TASK DIRECTIONS:
Each record that follows should be duplicated exactly, except for its pictures.

SOURCE DATA:
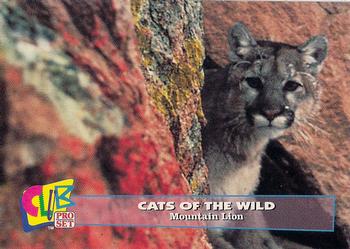 1992 Club Pro Set Cats of the Wild #11 Mountain Lion Front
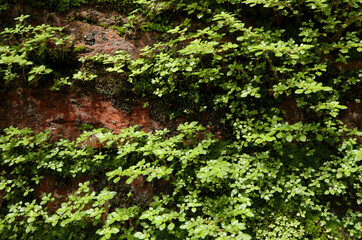 Small green trees growing on an wall. close up green plant in the natural wind. Beautiful plant texture in nature. enjoy the relaxing nature concept. 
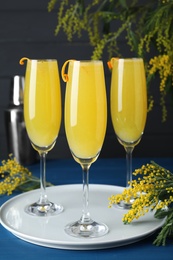 Glasses of Mimosa cocktail with flowering branches on light blue wooden table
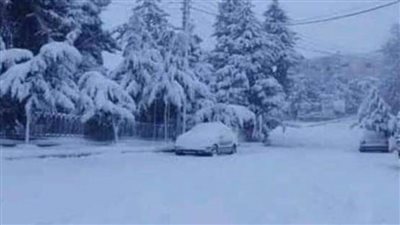 عضو جمعية الحساسية والمناعة يحذر مرضى المناعة من 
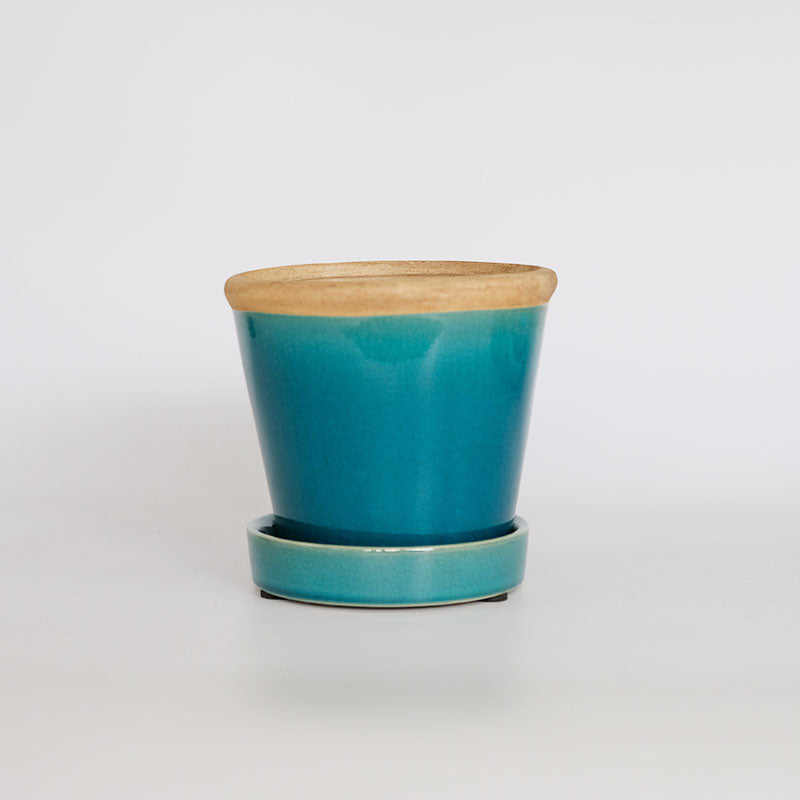 glossy pot 13 植木鉢 おしゃれ 陶器鉢 パステルカラー カラフル 室内 径13cm 高11.5cm 底穴あり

ANSWER TO THE PROBLEM:
 1992 Club Pro Set Cats of the Wild #11 Mountain Lion Front
 Small green trees growing on an wall. close up green plant in the natural wind. Beautiful plant texture in nature. enjoy the relaxing nature concept. 
 Glasses of Mimosa cocktail with flowering branches on light blue wooden table
 عضو جمعية الحساسية والمناعة يحذر مرضى المناعة من 
 glossy pot 13 植木鉢 おしゃれ 陶器鉢 パステルカラー カラフル 室内 径13cm 高11.5cm 底穴あり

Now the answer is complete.